Two lines in the listing below mark the span: one contains "Doublesided Babynest - moons pink/pink" and one contains "Antique Designed Elephant". Reproduce both of them and everything between, exactly.

══════

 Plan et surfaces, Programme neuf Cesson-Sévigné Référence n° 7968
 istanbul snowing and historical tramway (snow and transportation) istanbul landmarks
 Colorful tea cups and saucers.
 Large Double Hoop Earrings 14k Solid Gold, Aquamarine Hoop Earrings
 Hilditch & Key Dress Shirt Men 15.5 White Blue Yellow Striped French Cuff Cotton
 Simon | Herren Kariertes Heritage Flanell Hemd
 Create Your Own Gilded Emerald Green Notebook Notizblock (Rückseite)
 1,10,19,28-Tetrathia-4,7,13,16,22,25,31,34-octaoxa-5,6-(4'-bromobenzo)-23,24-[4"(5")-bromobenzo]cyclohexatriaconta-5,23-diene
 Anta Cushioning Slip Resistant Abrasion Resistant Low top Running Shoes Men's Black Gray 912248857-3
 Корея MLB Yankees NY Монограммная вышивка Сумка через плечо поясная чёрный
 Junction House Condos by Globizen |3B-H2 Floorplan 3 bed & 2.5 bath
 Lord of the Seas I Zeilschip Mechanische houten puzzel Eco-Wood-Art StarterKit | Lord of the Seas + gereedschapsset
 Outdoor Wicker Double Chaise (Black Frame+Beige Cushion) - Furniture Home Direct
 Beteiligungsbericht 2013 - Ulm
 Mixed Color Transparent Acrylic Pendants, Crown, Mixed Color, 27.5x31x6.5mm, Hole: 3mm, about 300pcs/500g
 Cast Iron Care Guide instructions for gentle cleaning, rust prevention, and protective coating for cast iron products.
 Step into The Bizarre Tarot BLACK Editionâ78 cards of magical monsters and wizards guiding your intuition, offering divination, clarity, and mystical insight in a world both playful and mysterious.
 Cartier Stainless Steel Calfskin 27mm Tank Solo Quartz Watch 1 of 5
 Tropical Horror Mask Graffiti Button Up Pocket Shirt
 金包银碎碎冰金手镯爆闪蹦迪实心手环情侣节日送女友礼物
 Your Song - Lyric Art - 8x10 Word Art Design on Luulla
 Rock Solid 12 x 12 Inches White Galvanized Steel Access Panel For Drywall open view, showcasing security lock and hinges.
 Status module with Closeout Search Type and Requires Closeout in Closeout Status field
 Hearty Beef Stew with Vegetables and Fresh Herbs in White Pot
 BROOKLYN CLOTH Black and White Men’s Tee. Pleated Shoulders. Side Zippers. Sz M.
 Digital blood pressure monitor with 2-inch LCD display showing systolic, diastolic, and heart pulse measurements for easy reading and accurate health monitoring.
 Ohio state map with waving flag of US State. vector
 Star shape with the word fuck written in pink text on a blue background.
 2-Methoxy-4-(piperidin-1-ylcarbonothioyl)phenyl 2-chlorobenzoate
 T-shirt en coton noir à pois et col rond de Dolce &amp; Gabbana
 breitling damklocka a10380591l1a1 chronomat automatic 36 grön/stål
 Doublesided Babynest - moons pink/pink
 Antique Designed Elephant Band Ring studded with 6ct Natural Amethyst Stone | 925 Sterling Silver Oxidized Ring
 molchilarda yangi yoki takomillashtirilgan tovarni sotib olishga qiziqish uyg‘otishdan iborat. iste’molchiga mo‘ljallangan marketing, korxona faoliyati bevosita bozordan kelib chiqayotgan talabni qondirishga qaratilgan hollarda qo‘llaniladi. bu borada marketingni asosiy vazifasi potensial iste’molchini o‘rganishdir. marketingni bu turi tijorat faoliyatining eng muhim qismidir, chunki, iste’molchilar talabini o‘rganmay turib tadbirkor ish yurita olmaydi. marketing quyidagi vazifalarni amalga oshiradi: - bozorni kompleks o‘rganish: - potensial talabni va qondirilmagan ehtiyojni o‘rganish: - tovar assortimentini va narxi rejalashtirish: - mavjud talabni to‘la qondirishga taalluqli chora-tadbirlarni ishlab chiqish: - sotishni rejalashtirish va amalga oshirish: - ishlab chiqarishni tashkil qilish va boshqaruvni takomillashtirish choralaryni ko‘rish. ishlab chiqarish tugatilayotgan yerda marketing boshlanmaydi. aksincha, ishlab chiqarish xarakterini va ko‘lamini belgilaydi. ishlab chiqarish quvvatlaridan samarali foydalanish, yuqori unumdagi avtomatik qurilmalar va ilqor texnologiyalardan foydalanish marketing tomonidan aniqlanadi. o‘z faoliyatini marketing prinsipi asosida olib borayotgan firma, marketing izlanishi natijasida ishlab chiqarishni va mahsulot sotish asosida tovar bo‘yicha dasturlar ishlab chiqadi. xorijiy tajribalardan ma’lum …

══════

Exercise answer:
 Doublesided Babynest - moons pink/pink
 Antique Designed Elephant Band Ring studded with 6ct Natural Amethyst Stone | 925 Sterling Silver Oxidized Ring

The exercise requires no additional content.